"""

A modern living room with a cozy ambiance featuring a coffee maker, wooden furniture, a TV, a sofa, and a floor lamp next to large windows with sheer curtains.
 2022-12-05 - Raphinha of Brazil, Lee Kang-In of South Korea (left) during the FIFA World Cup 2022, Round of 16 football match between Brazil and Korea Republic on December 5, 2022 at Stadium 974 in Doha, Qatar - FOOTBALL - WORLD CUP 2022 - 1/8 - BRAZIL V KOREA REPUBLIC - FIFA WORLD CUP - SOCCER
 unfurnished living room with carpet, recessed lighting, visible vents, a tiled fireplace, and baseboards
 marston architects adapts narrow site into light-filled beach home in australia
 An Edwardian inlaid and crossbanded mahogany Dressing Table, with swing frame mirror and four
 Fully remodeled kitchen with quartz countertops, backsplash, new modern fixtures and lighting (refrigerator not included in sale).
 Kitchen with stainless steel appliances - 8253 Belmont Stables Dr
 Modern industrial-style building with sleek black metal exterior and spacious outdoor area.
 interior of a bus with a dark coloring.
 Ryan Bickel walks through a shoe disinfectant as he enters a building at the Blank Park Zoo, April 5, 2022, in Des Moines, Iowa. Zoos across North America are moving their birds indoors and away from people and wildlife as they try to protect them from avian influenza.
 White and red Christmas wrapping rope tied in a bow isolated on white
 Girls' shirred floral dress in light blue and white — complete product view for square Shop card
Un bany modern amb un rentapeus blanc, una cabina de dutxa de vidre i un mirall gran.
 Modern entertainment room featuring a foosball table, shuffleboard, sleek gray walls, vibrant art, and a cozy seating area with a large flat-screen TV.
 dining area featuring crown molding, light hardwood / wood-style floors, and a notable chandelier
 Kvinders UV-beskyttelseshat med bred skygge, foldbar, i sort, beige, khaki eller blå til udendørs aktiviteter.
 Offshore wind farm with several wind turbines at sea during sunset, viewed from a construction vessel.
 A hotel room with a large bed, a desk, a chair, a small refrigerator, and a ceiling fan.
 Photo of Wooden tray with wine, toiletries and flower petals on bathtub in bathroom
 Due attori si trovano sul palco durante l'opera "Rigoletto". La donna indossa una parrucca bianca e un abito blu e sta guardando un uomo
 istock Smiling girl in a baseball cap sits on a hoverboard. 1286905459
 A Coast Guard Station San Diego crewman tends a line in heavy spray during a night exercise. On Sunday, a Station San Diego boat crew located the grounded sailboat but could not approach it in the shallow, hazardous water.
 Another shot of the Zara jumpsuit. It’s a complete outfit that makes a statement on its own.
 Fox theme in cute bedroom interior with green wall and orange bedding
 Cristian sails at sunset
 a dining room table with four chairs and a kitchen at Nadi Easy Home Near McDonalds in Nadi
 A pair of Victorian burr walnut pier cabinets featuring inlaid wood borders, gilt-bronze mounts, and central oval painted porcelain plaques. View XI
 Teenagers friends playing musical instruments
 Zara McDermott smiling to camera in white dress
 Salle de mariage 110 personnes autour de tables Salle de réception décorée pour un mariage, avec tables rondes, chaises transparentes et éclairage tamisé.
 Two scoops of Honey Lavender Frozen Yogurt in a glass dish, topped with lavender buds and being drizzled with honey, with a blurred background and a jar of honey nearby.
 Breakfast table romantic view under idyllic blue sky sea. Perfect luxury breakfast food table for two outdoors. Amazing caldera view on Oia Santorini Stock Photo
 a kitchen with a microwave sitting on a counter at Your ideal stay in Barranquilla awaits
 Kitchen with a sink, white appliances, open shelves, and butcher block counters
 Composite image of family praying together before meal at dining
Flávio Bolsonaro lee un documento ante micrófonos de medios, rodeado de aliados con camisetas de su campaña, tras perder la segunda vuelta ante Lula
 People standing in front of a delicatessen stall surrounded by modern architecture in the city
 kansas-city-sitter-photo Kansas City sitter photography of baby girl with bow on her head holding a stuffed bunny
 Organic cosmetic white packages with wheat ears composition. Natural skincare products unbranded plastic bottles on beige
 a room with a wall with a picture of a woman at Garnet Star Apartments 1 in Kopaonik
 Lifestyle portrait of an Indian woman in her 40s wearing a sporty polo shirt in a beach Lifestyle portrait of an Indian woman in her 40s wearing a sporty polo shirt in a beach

"""

Each line from the one containing "Kitchen with a sink, white" to the final line above should be written out exactly; please omit the others.

 Kitchen with a sink, white appliances, open shelves, and butcher block counters
 Composite image of family praying together before meal at dining
Flávio Bolsonaro lee un documento ante micrófonos de medios, rodeado de aliados con camisetas de su campaña, tras perder la segunda vuelta ante Lula
 People standing in front of a delicatessen stall surrounded by modern architecture in the city
 kansas-city-sitter-photo Kansas City sitter photography of baby girl with bow on her head holding a stuffed bunny
 Organic cosmetic white packages with wheat ears composition. Natural skincare products unbranded plastic bottles on beige
 a room with a wall with a picture of a woman at Garnet Star Apartments 1 in Kopaonik
 Lifestyle portrait of an Indian woman in her 40s wearing a sporty polo shirt in a beach Lifestyle portrait of an Indian woman in her 40s wearing a sporty polo shirt in a beach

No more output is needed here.